I know the news is about two months old, but I don't like to rush in to commentary...
WindRiver's purchase of RTLinux is the first smart move that WindRiver has made in years. Before their new acquisition, WindRiver only sold their legacy OS VxWorks and a six-month old version of linux kernel they downloaded from kernel.org.
Let me just rip into VxWorks for a bit, cause I have some well needed venting to do.....
Technologically, VxWorks lags behind every other major embedded operating system. Its amazing that the most popular OS in the industry is also the worst. One of their more recent innovations, memory protected processes, has been in most embedded operating systems for years.
Also their ARINC-653 partitioning is pathetic. They implement ARINC by running a master VxWorks OS which schedules slave VxWorks OS's which each runs its own ARINC partition. So if you want three ARINC partitions, you will need to run four copies of VxWorks on your hardware. Pretty much all other competitors can sanely implement ARINC with just one OS.
The main argument for buying VxWorks, is that your code is locked into it and you have no other choice.
... End anti VxWorks Rant
So even though VxWorks continues to make WindRiver a lot of dough, its not going to get them anywhere interesting.
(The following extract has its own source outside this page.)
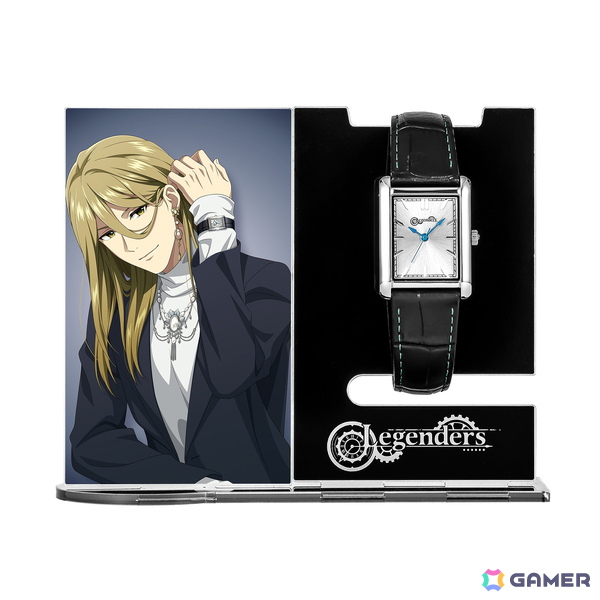 「アイドルマスター SideM」のLegendersがブランドウォッチのアンバサダーに！ディスプレイ用のアクスタも付属の腕時計が3月18日より予約受付開始の画像6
On the other hand, their purchase of RTLinux is interesting. They have a real chance of bringing enterprise software developers into the embedded world. Most embedded products only have a small amount of hardware-related or realtime code. Everything else is pretty similar to desktop development. If RTLinux can get every-day software engineers to work on an embedded systems, it should become pretty popular.
Buying RTLinux brings WindRiver's technology to the forefront and I hope it moves our industry forward. However I doubt Windriver will make any money off of it. Whenever you sell Linux products, you also have to give them away for free. Why would anyone buy RTLinux when they can download it for free?